What to work on >>
Which lines come from the start of the records through the line that holds "Honda Accord 2.2i-Dtec"? Write them out word for word.

======== Entries shown ========

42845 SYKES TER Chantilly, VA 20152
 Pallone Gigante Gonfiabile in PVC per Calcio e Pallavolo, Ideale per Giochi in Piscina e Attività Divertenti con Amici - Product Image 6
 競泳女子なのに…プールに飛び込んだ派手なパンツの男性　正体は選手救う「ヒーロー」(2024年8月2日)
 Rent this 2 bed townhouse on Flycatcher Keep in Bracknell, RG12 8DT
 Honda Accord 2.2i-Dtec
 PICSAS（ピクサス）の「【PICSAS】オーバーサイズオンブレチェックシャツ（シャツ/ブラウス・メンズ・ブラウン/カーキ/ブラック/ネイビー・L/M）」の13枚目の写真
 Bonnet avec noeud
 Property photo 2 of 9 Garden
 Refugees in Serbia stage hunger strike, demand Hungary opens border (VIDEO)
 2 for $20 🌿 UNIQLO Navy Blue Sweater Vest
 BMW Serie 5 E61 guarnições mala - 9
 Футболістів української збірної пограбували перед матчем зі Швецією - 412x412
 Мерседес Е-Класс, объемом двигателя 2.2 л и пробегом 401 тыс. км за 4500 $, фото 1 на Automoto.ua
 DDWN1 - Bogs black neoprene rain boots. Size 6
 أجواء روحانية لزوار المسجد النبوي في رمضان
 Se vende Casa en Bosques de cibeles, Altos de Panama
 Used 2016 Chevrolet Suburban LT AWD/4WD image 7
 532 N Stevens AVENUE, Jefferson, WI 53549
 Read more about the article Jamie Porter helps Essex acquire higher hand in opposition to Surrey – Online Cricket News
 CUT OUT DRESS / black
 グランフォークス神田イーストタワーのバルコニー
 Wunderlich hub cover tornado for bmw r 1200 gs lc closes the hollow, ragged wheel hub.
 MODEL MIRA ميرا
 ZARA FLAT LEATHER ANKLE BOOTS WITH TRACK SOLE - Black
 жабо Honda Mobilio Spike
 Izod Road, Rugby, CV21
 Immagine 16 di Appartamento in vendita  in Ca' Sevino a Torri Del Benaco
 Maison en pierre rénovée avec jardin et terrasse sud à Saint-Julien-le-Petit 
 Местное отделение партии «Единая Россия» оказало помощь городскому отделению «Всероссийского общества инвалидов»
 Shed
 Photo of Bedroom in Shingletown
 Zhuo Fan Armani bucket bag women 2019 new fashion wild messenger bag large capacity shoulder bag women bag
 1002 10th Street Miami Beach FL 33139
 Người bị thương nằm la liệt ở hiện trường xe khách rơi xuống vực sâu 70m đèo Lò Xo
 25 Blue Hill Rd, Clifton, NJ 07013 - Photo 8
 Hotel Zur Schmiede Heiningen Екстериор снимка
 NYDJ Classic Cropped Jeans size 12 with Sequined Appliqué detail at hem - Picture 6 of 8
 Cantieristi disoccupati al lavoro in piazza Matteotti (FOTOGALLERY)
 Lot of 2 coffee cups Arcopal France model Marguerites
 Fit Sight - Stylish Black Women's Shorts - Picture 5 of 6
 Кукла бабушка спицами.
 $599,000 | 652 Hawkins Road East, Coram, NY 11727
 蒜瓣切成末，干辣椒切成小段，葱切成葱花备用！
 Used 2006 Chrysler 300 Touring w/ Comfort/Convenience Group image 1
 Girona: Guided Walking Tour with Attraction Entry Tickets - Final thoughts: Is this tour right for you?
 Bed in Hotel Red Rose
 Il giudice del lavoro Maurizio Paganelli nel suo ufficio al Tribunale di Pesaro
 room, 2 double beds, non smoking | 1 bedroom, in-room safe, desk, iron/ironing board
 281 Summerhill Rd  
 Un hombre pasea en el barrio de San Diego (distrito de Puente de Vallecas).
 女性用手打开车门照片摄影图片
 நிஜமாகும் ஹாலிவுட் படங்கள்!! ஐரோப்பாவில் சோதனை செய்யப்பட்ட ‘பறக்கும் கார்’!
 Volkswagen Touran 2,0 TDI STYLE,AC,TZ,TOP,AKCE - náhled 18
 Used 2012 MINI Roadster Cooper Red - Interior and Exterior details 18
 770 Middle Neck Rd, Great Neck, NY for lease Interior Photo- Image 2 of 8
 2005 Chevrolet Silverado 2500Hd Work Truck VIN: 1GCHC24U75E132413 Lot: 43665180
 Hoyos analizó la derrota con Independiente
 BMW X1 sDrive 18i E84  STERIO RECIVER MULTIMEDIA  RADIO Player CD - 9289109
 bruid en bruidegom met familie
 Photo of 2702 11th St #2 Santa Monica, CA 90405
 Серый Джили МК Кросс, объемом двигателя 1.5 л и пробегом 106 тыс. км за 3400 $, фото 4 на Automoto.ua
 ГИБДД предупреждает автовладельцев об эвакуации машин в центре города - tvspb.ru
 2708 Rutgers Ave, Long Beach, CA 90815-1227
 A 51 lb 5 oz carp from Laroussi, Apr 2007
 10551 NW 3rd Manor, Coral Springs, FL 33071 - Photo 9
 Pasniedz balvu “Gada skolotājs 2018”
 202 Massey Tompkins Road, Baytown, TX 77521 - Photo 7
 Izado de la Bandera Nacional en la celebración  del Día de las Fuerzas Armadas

========

Completed task >>
42845 SYKES TER Chantilly, VA 20152
 Pallone Gigante Gonfiabile in PVC per Calcio e Pallavolo, Ideale per Giochi in Piscina e Attività Divertenti con Amici - Product Image 6
 競泳女子なのに…プールに飛び込んだ派手なパンツの男性　正体は選手救う「ヒーロー」(2024年8月2日)
 Rent this 2 bed townhouse on Flycatcher Keep in Bracknell, RG12 8DT
 Honda Accord 2.2i-Dtec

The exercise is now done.